グリッドマンのアニメで心をうたれるのは、まさにそういう子供向け番組をいい歳をしていつまでたってもつまみ食いし続ける大人たちの居座った態度を蹴飛ばしてたからだ。作品の枠組みがグリッドマンの再構築ではなく旧作グリッドマンから地続きのものとして用意され、グリッドマンが作品としてお説教をするのは子供相手ではない。若いころにグリッドマンを見て、そしていまだに子供向け番組をなんだかんだと理屈をこねながら見続けている大人たちの今の姿に対するものだ。子供向け説教タイムはお約束だからとメッセージをフォーマットとしてスルーする態度を許さず、倫理的なお説教から距離を置こうとする大人たちをあらためてメッセージの前に立たせて、真正面からお説教し、問いただしている。作画や美少女を消費して終わりにしたい大人からすれば面倒な対応を要求されるのだから戸惑いも多かったと記憶している。

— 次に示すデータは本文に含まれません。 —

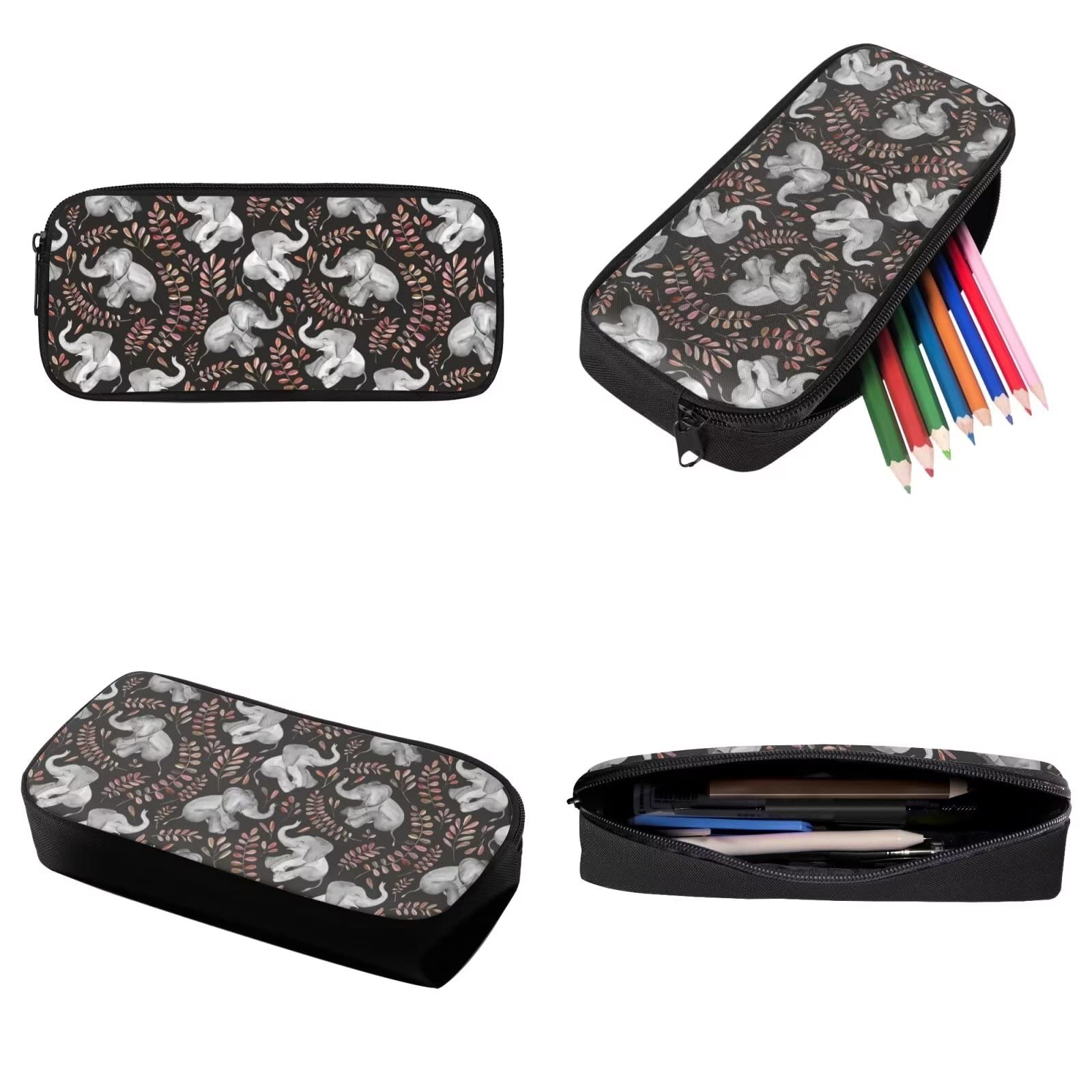 Poceacles Schultasche und Lunchbox-Set für Teenager, Jungen, Grundschule, Büchertasche, Federmäppchen für Grundschulkinder, Elefantenblatt, Einheitsgröße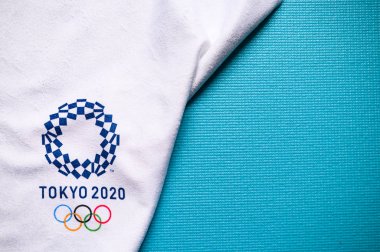 Tokyo, Japonya, Ocak. - 20. 2020: XXXii Yaz Olimpiyatları 'nın logosu 2020 Beyaz zemin, mavi düzenleme alanı, olimpiyat şablonu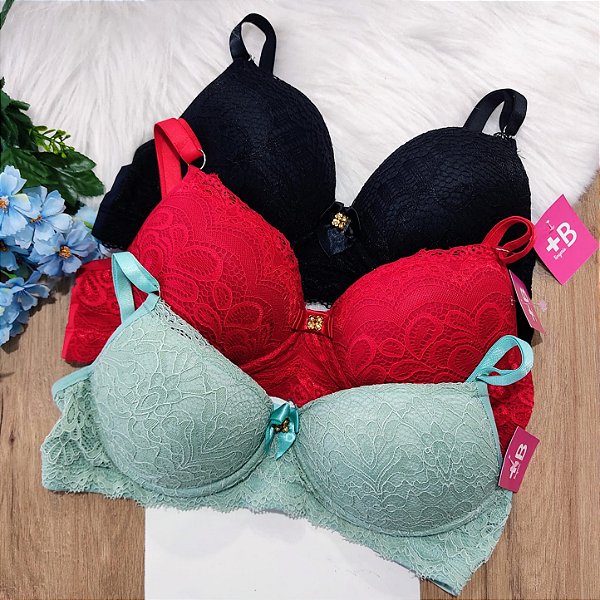 Kit 3 Sutiãs Com Bojo Renda Variados Sexy - Lingerie - Moda Íntima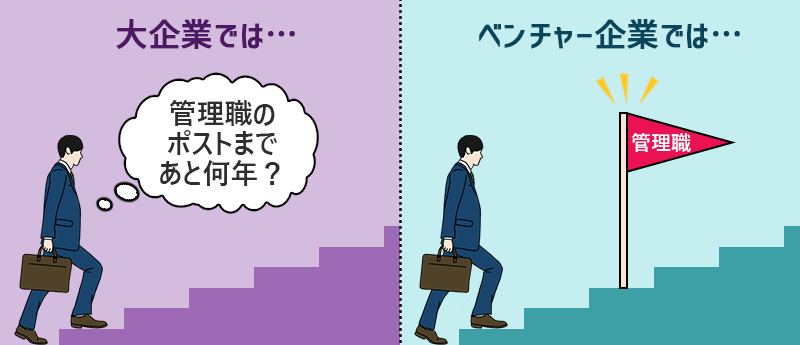 大企業では…→「管理職のポストまであと何年?」ベンチャー企業では…→入社数年後には管理職のポストが見えている状態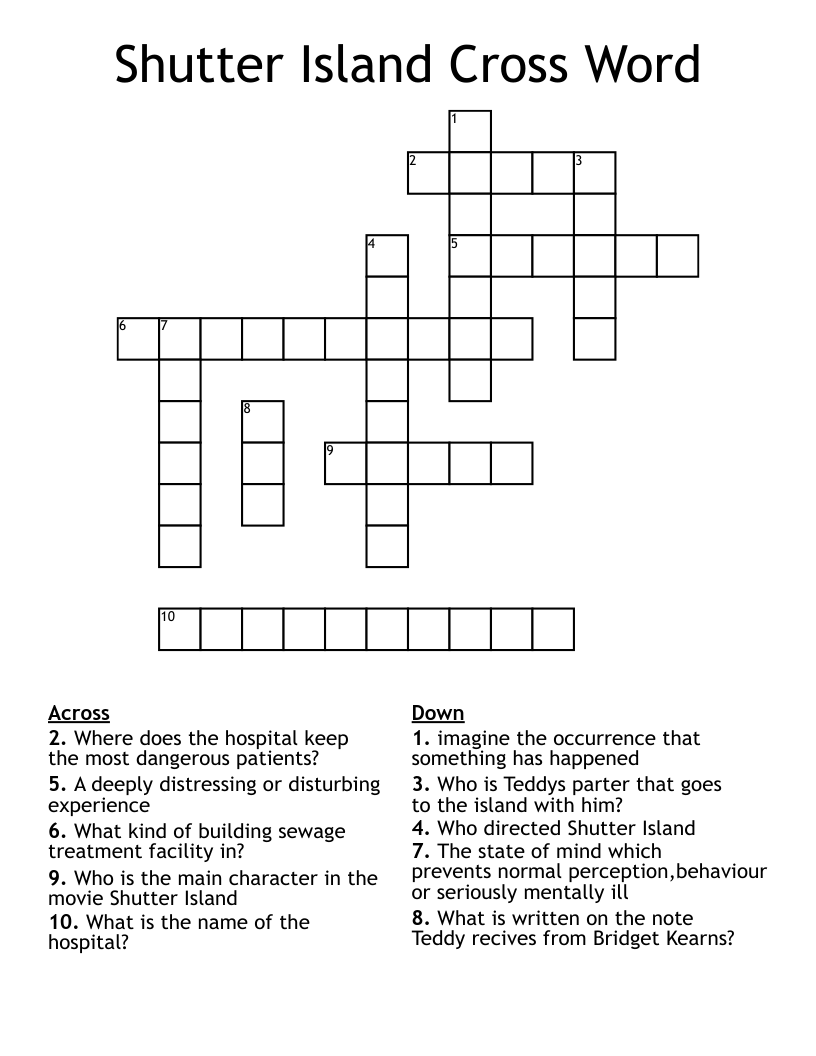 Shutter Island Cross Word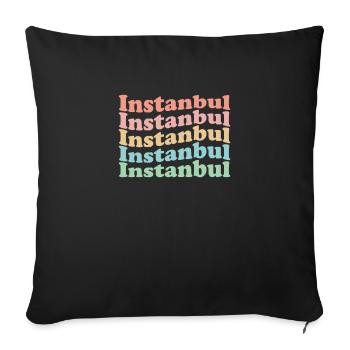 Vintage 70s Hippie Turkey City - Retro Istanbul - Sofa pillowcase 17,3'' x 17,3'' (45 x 45 cm) - black - Front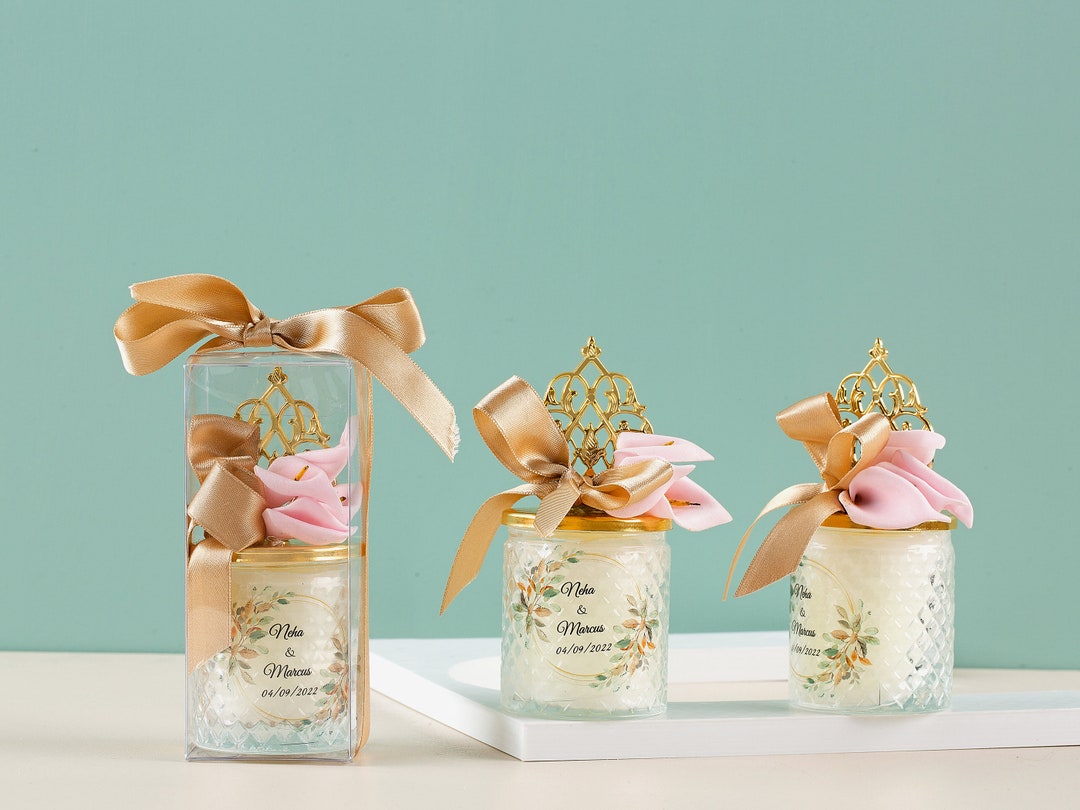 Custom Wedding Favor Candle | Bulk Gifts for Guests | Luxury Candle ...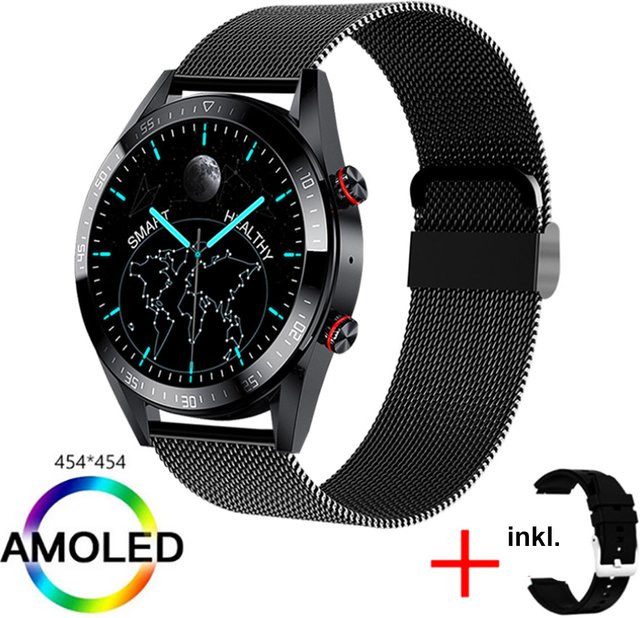 TPFNet Smart Watch Fitness Tracker IP67 mit Milanaise und Silikon Armband für Android und iOS in Schwarz - Bild 1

作画を語り演技を語り演出を語りたい、子供向けメッセージは「お約束」なのだから読み飛ばしていい。そうした評価態度を積み上げてきた延長に「作画はいいがモノとしてはマルチ商法の道具でしかない映画」を扱いかねて困惑するしかない現状がある。ならせめて子供向け番組を見て語るならその倫理的お説教の内容まで含めて語る経験を一から積み上げていくべきなのだろう。もしもそれが苦痛なのなら、そもそも子供向け番組を作画スゴイというオタク語りのためだけに語るべきなのか。視聴するだけならば責任は発生しないかもしれないが語るならば語った先が問われることになる。

マルチ商法を排除できない我々の作画語りに責任はなかったのか。オタクメディアの自己総括にそのぐらいはあってもよさそうなものなのだが。